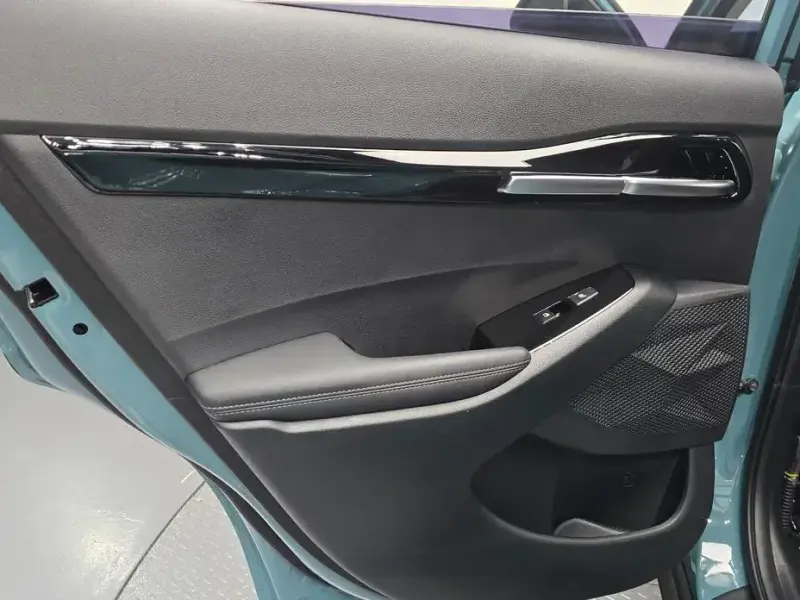 2025 Kia Seltos с пробегом 8 322 км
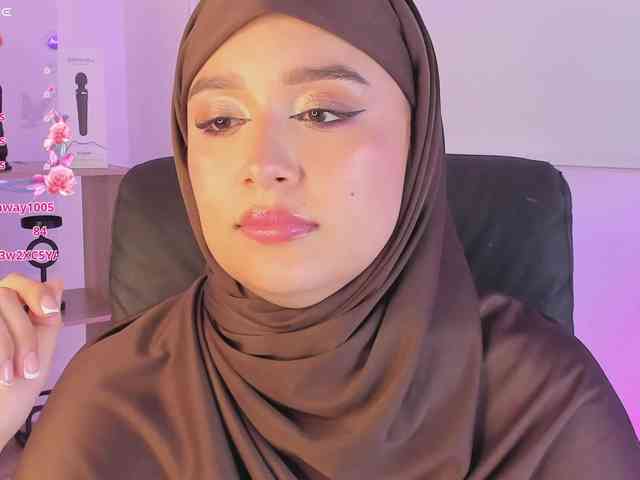 Jazmin-Kitana webcam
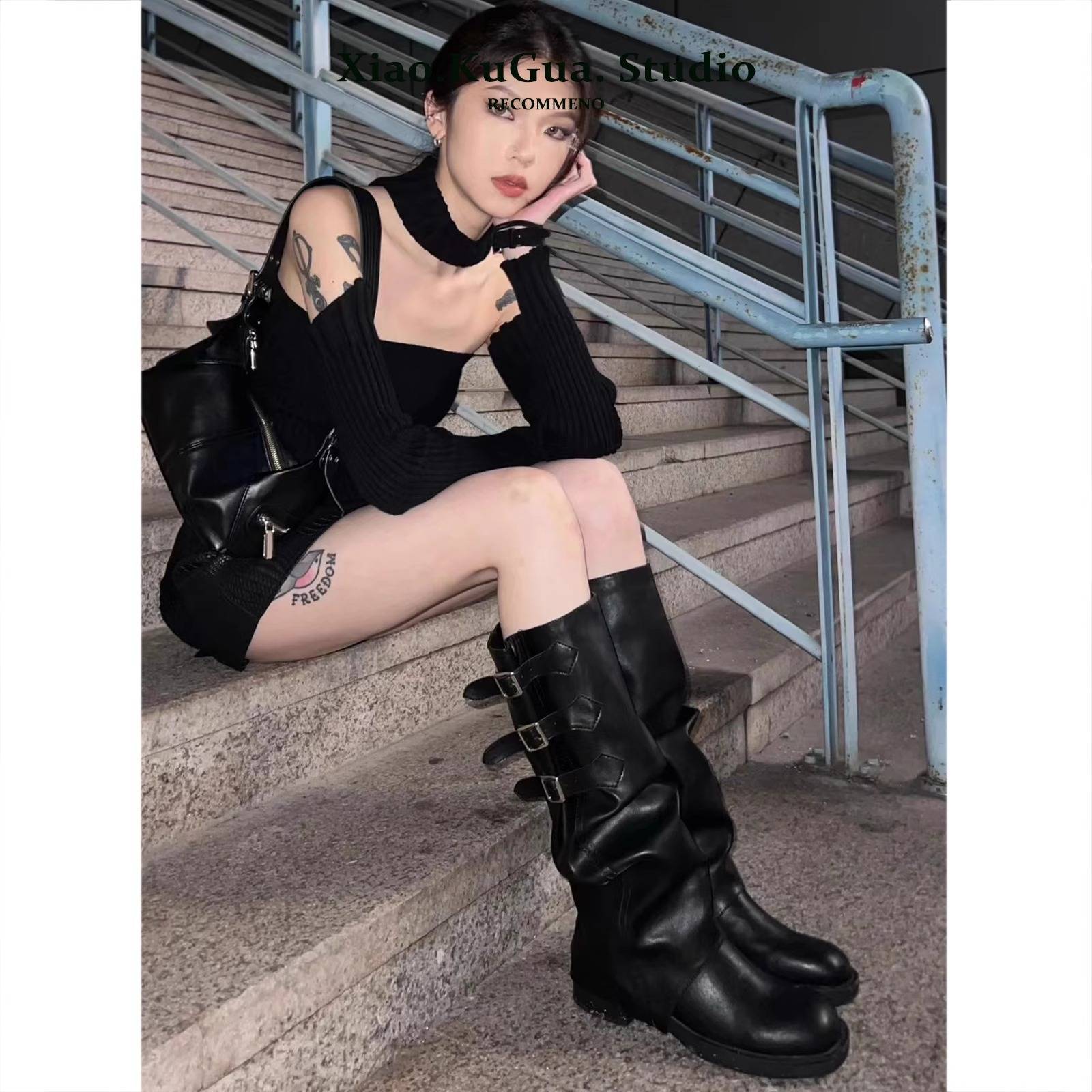 A new 2024 for a long-bone boot girl in the summer can take off two pairs of shorts and a small, thick, high-bottom boot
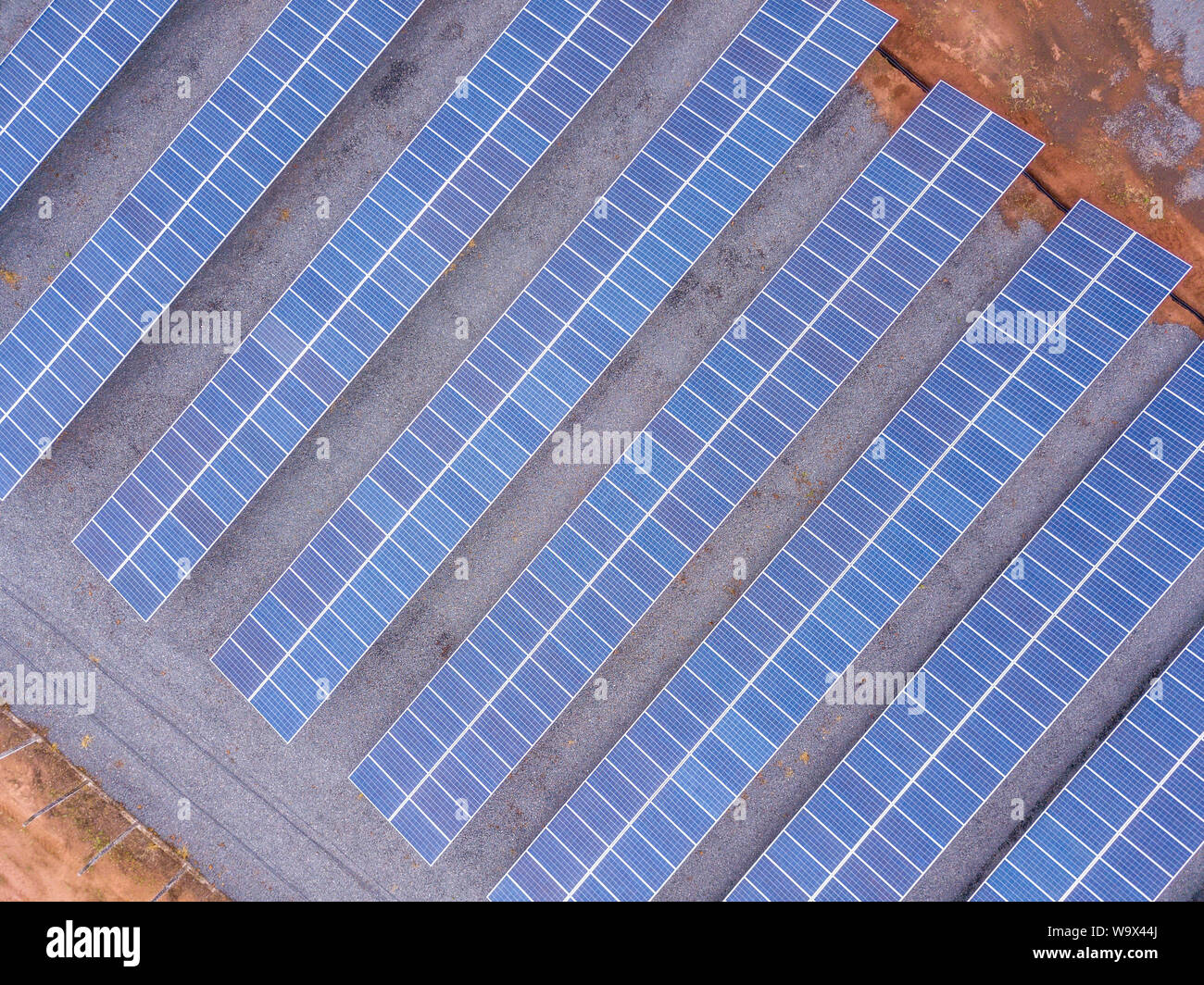 Vue aérienne de l'usine de panneaux solaires à l'aide de l'énergie propre et renouvelable. Drone abattu dans l'état de Mato Grosso, Brésil. Concept de l'environnement, zéro voiture Banque D'Images
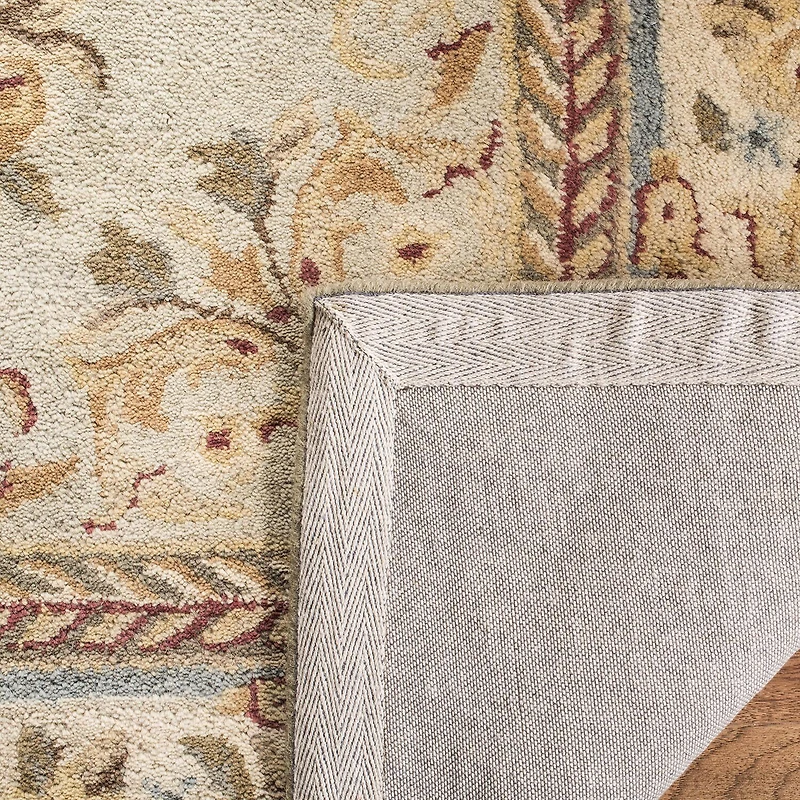 Safavieh Courtney Floral Hand Tufted Wool Indoor Rectangular Area Rug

-=-=-=-=-

Give the records above again verbatim, pictures omitted.

 2025 Kia Seltos с пробегом 8 322 км
 Jazmin-Kitana webcam
 A new 2024 for a long-bone boot girl in the summer can take off two pairs of shorts and a small, thick, high-bottom boot
 Vue aérienne de l'usine de panneaux solaires à l'aide de l'énergie propre et renouvelable. Drone abattu dans l'état de Mato Grosso, Brésil. Concept de l'environnement, zéro voiture Banque D'Images
 Safavieh Courtney Floral Hand Tufted Wool Indoor Rectangular Area Rug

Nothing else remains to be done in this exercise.